A full of 568 models were fitted and the model predictions were compared with the observed performances. Depending on the data prepare and sampling method, information technology took between 80 to 560 annotated samples to achieve mean boilerplate and root mean squared error beneath 0.01. Results also show that our weighted plumbing equipment method outperformed the baseline un-weighted method (p < 0.05).

Conclusions

This newspaper describes a simple and effective sample size prediction algorithm that conducts weighted fitting of learning curves. The algorithm outperformed an united nations-weighted algorithm described in previous literature. Information technology can help researchers make up one's mind annotation sample size for supervised machine learning.

Background

The availability of biomedical data has increased during the past decades. In order to procedure such data and excerpt useful information from it, researchers have been using motorcar learning techniques.
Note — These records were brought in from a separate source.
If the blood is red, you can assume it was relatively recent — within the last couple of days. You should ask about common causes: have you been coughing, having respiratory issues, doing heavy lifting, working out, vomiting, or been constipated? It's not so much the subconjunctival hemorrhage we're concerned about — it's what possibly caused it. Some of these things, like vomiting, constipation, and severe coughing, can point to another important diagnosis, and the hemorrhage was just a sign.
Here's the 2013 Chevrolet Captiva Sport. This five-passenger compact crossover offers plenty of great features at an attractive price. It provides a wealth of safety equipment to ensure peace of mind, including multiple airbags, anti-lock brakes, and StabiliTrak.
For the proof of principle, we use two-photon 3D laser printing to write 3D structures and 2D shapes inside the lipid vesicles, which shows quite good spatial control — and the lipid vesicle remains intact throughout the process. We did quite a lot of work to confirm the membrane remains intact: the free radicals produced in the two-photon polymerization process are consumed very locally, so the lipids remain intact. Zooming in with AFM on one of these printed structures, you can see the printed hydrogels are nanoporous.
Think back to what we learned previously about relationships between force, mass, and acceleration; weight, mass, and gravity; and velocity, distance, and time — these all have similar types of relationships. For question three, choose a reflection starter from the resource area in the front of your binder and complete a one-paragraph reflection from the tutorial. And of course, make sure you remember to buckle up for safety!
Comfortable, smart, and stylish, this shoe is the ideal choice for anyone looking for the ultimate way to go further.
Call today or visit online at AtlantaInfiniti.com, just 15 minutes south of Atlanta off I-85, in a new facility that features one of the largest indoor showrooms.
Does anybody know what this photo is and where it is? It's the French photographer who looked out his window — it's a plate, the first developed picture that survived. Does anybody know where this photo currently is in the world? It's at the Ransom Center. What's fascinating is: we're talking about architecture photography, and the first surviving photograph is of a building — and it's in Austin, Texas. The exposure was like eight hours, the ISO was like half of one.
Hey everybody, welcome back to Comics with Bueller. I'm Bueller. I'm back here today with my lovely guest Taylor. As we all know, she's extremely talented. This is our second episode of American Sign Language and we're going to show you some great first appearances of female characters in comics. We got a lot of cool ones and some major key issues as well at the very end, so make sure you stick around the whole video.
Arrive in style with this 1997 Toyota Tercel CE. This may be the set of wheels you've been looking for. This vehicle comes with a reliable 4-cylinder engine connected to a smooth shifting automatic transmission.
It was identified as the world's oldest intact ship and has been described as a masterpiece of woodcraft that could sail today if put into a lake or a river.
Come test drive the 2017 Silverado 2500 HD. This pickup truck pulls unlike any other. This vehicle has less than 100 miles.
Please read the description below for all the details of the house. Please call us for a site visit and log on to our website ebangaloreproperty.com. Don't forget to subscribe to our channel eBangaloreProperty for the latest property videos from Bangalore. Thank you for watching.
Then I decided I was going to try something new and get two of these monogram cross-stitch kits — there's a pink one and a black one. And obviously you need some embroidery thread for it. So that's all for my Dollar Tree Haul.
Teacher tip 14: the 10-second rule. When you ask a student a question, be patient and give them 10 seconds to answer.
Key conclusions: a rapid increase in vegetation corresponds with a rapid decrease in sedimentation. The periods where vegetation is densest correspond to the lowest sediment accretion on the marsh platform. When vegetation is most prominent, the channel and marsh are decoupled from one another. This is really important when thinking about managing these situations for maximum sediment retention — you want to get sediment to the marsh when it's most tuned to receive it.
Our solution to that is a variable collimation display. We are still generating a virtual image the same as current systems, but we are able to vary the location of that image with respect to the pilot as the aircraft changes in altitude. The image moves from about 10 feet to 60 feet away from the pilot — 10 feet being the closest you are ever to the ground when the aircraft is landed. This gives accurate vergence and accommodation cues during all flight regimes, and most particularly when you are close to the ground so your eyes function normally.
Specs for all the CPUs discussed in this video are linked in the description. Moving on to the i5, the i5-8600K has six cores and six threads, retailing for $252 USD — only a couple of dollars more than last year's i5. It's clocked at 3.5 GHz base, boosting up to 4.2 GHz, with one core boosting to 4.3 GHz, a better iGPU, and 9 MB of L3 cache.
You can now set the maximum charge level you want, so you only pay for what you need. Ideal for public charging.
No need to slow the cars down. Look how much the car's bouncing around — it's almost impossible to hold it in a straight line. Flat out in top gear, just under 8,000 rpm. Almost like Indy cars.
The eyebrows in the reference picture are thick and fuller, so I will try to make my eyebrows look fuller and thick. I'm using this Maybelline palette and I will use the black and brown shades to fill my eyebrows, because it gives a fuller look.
However, to generate predictive models, the supervised learning techniques need an annotated grooming sample. Literature suggests that the predictive power of the classifiers is largely dependent on the quality and size of the grooming sample [ane-six].

Man annotated data is a scarce resource and its creation expensive both in terms of money and time. For example, united nations-annotated clinical notes are abundant. To label un-annotated text corpora from the clinical domain, withal, requires a grouping of reviewers with domain expertise and only a tiny fraction of the available clinical notes tin be annotated.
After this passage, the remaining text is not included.